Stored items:
*** Block opens ***

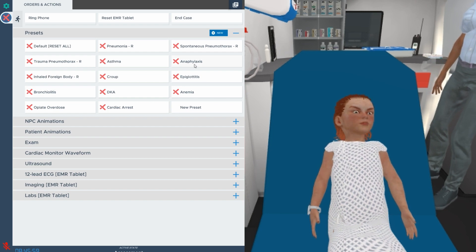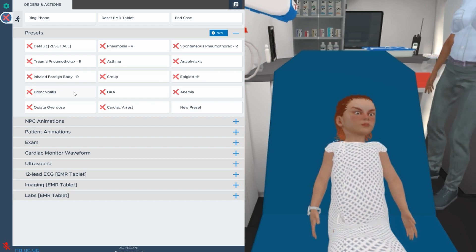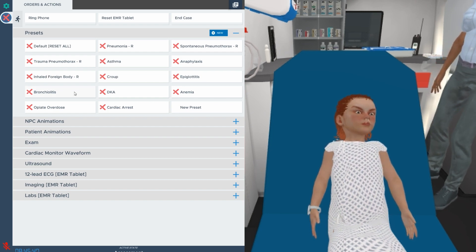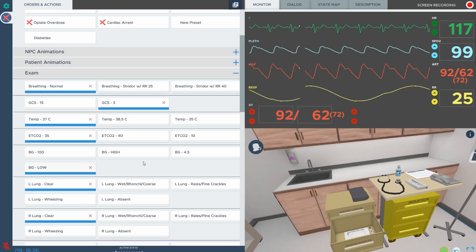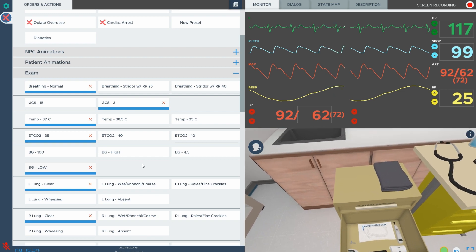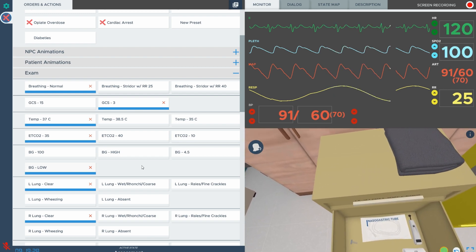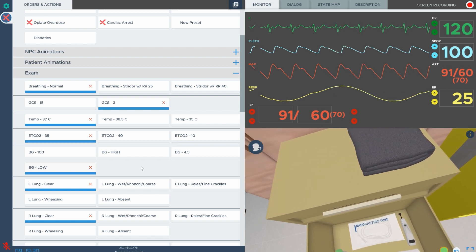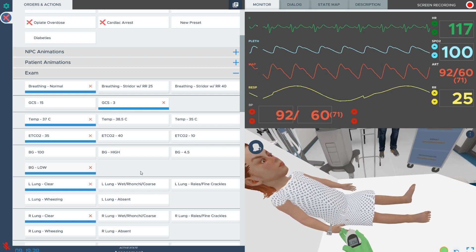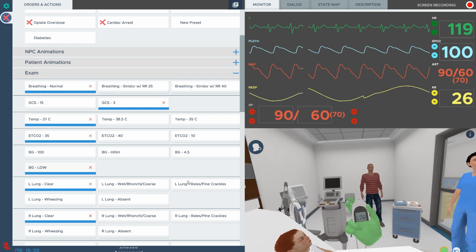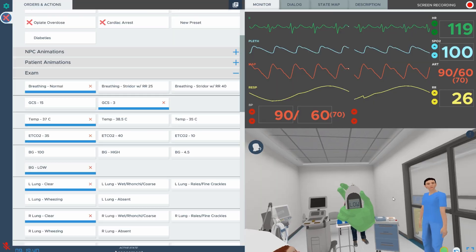And the best part? You can save your selections as your own customized preset. Build it once and use it every time you log in. Dynamic adjustments to patient vitals are reflected in real time.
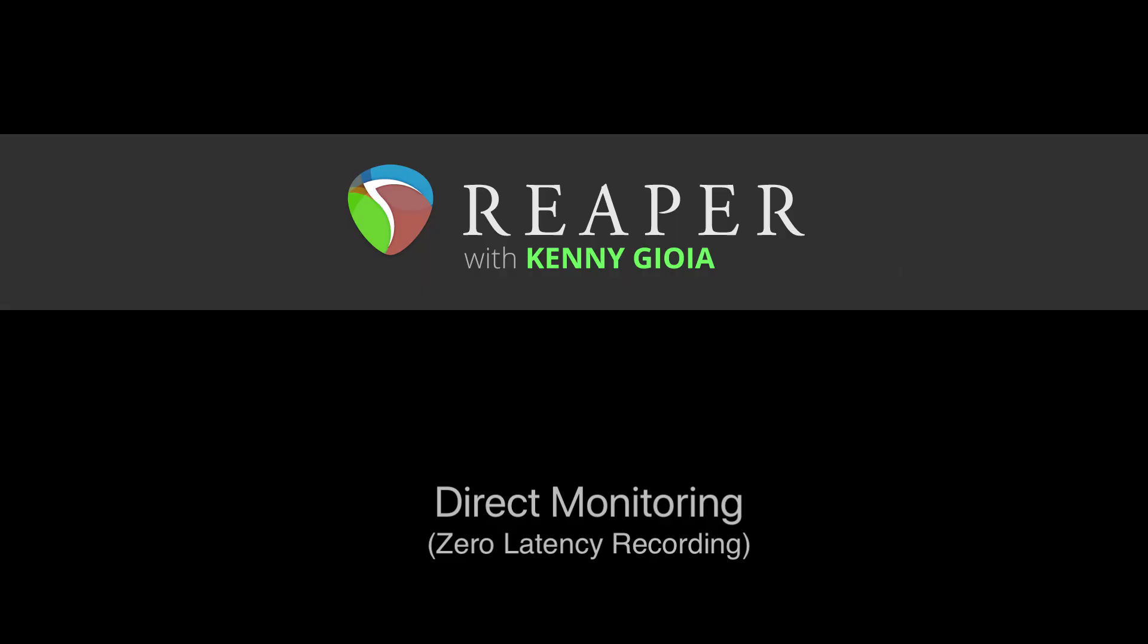So that's pretty much it. That's how to use direct monitoring to get zero latency while recording in Reaper. I hope you learned something. Hope you can use it. And I'll see you next time. Thanks. Bye.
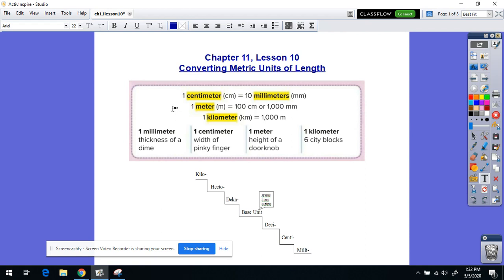Before I get into the conversions and how to do them, I want to talk a little bit about the metric units of length and give you an idea of what exactly they represent. We're going to start with a millimeter — you can think about the thickness of a dime, a pretty small measurement. A centimeter is about the width of a pinky finger. And then a meter is typically about the height of a doorknob off the floor. We've seen meter sticks in the classroom — it's a little bit longer than a yard, a little bit longer than three feet.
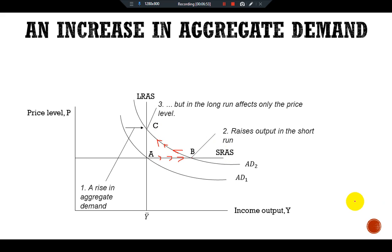One key question is: what can the central bank do to dampen this boom and keep output closer to the natural level? The central bank might reduce the money supply to offset the increase in velocity. Offsetting the change in velocity would stabilize aggregate demand. Thus the central bank can reduce or even eliminate the impact of a demand shock on output and employment if it can skillfully control the money supply. Whether the central bank in fact has the necessary skill is a more difficult question, to be discussed in a coming video.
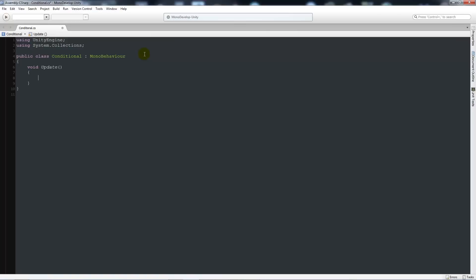We'll go through the basic types of conditional statements: if, else if, and else. If you start with an if statement, you're saying: if you reach a particular condition — say a particular score — then do something. An else if runs through the code in execution order and checks the next condition, for example if the score is 100, do something, else if the score is 50, do something else.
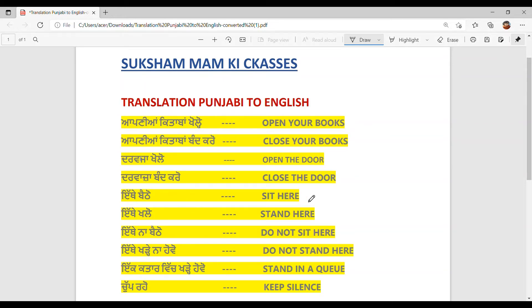Itthe bethho. Sit here. Itthe klo. Stand here. Itthe naa bethho. Do not sit here. Itthe khaday naa hoho. Do not stand here.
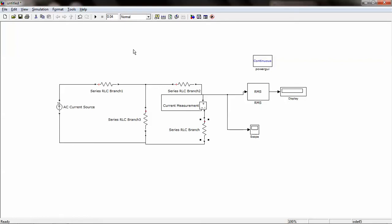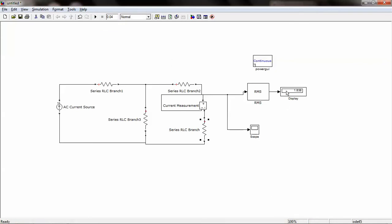Now to start simulation, press start simulation and the output is displayed in the Display block. You can also find the output as a waveform in the Scope.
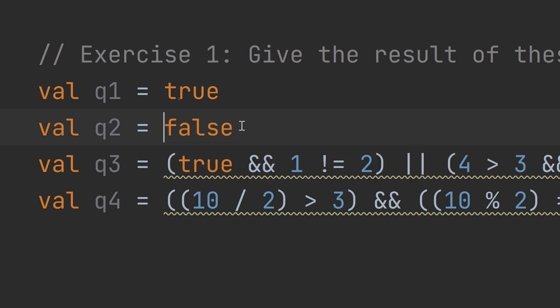If we hover and simplify the boolean expression it gives false. These are simple logic mathematics.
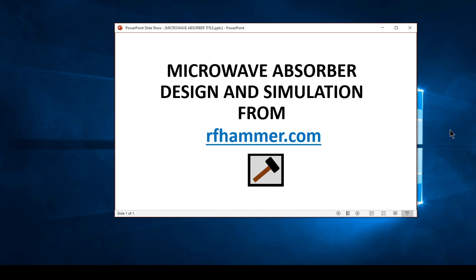Welcome to this video. It gives an overview of the microwave absorber design and simulation software from RFhammer.com. You can download the software from RFhammer.com, save the .exe and icon files to your PC, and it should run on all standard Windows 10 machines.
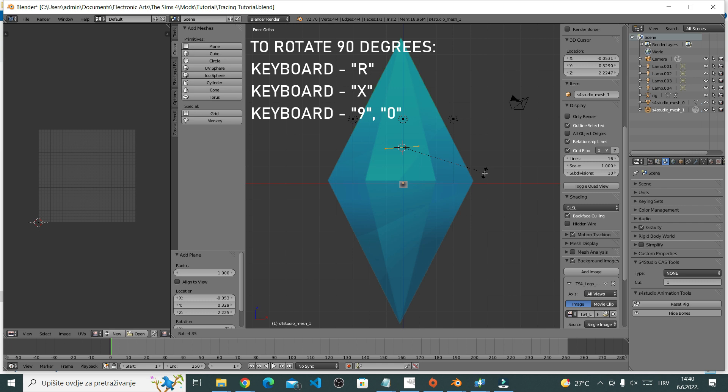First, press X on your keyboard for X axis, and then choose the angle, which for me will be 90 degrees. So to get it to rotate 90 degrees on the X axis, simply press 9 and then 0. And there you go.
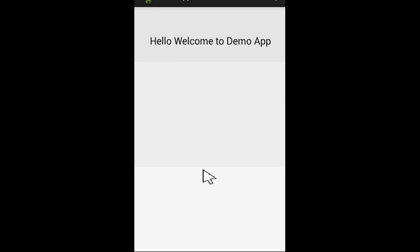This is how we configure and connect a real Android device with Android Studio or Eclipse. I hope you enjoyed this video. Thank you for watching. See you in the next episode. Bye-bye.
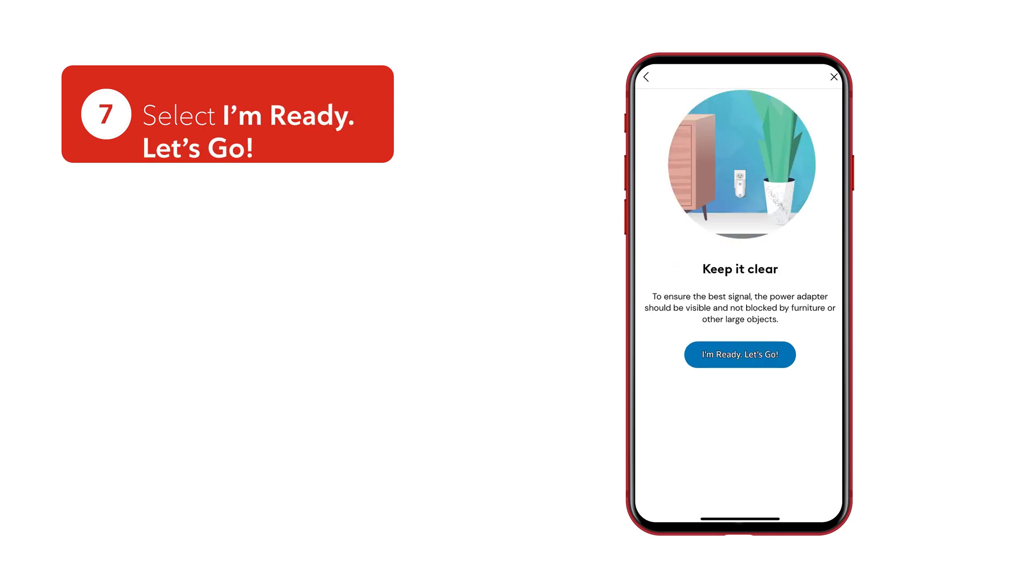For the best signal, make sure your camera's power adapter isn't blocked by furniture or other objects. When satisfied, select I'm ready.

*** Block closes ***

What to work on. The required output is the line containing "This is how" plus every line after it to the end of the data, copied exactly and with no pictures.

Response to the task.
This is how we configure and connect a real Android device with Android Studio or Eclipse. I hope you enjoyed this video. Thank you for watching. See you in the next episode. Bye-bye.
For the best signal, make sure your camera's power adapter isn't blocked by furniture or other objects. When satisfied, select I'm ready.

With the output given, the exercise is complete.